If you want to make MongoDB work with BarbelHisto, you need two maven dependencies to get started.

2. Develop a Client Pojo

Implement a POJO like this one:

public class Client {

    private String clientId;
    private String title;
    private String name;
    private String firstname;
    private String address;
    private String email;
    private LocalDate dateOfBirth;


Notice that we use the @DocumentIdannotation to tell BarbelHisto that the clientId uniquely identifies the client, and this should be the document id. BarbelHisto will maintain document journals for each document id.

3. Create an Instance of BarbelHisto With MongoDB Listeners

Like so:

MongoClient mongoClient = SimpleMongoListenerClient.create("mongodb://localhost:12345").getMongoClient();
// update listener
SimpleMongoUpdateListener updateListener = SimpleMongoUpdateListener.create(mongoClient, "testDb", "testCol", Client.class, BarbelHistoContext.getDefaultGson());
// pre-fetch listener
SimpleMongoLazyLoadingListener loadingListener = SimpleMongoLazyLoadingListener.create(mongoClient, "testDb", "testCol", Client.class, BarbelHistoContext.getDefaultGson());
// locking listener
MongoPessimisticLockingListener lockingListener = MongoPessimisticLockingListener.create(mongoClient, "lockDb", "docLocks");
// BarbelHisto instance
BarbelHisto<Client> mongoBackedHisto = BarbelHistoBuilder.barbel().withSynchronousEventListener(updateListener)

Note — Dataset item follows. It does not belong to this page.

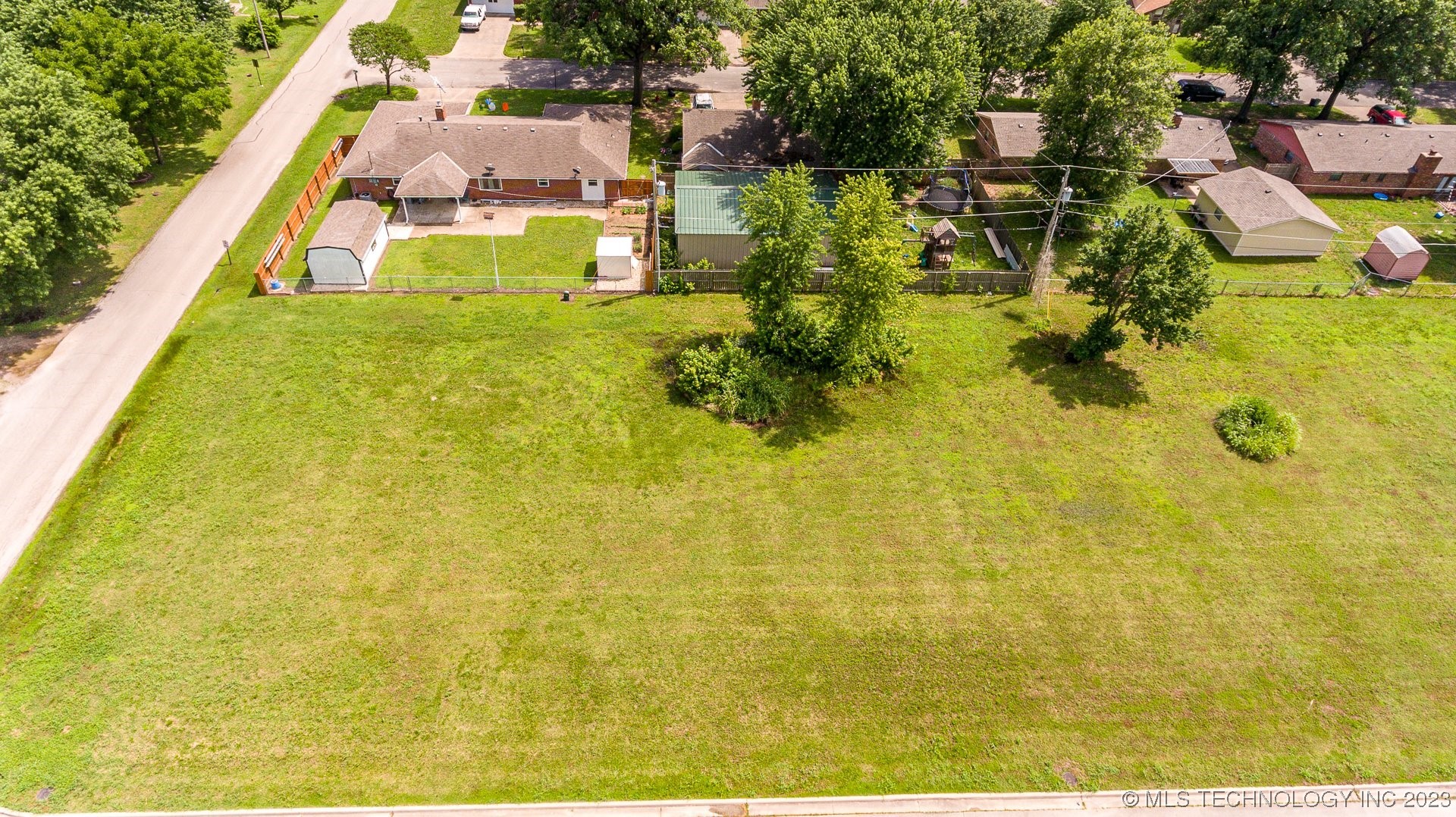 Photo 5 of 14 of 700 Sage Avenue land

You can use your own MongoClient settings if you like. The BarbelHisto mongo package does provide a client creation class for convenience. There are three listeners registered synchronously with BarbelHisto. The SimpleMongoUpdateListener will forward updates saved against BarbelHisto against the mongo shadow collection. The SimpleMongoLazyLoadingListener listener ensures that data is fetched into the local BarbelHisto instance if clients perform queries using the BarbelHisto.retrieve() methods. The MongoPessimisticLockingListener will lock journals in mongo if the client performs an update using the BarbelHisto.save().

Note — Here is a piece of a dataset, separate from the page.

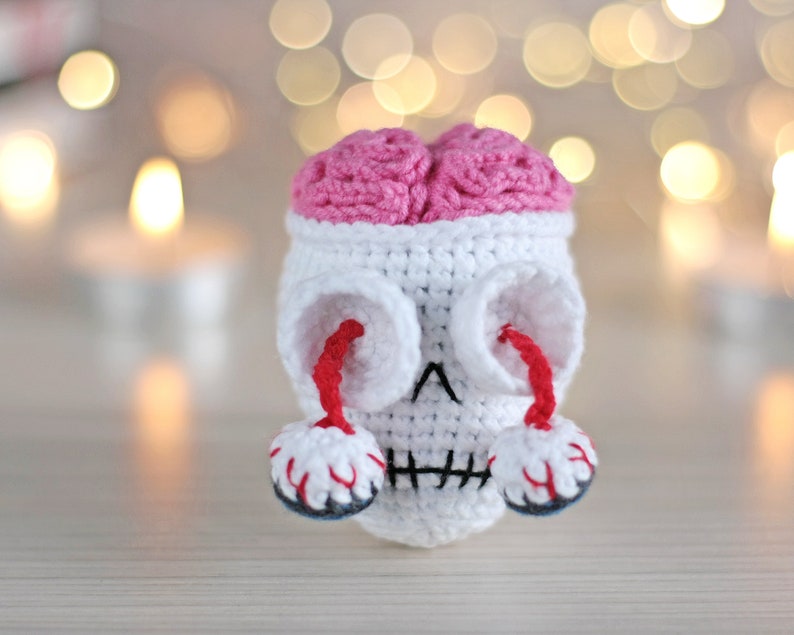 Skull crochet pattern sugar skull pattern easy halloween amigurumi pattern small diy halloween decor image 4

4. Do Some Bi-Temporal save() Operations

With this setup, you can now store and retrieve bi-temporal data with a MongoCollection as a remote data source.

Client client = new Client("1234", "Mr.", "Smith", "Martin", "some street 11", "somemail@projectbarbel.org", LocalDate.of(1973, 6, 20));
mongoBackedHisto.save(client, LocalDate.now(), LocalDate.MAX);

5. Retrieve Bi-Temporal Data From MongoDB

Later, in other sessions of your web application, you can retrieve the client using the BarbelHisto.retrieve() from MongoDB.

Client client = mongoBackedHisto.retrieveOne(BarbelQueries.effectiveNow("1234"));

Use the BarbelQueries to make queries against the MongoDB backed BarbelHisto instance. You can also combine BarbelQueries.

List<Client> clients = mongoBackedHisto.retrieve(QueryFactory.and(BarbelQueries.effectiveNow("1234"),BarbelQueries.effectiveNow("1234")));

Be careful if you don't specify document IDs in your query. This might cause a full load of the mongo collection.
That's it. There is nothing more to do than this.

Let's access the version data for the client object we've just added. You've retrieved the client previously in this tutorial. You can cast every object received from BarbelHisto to Bitemporal to access the version data.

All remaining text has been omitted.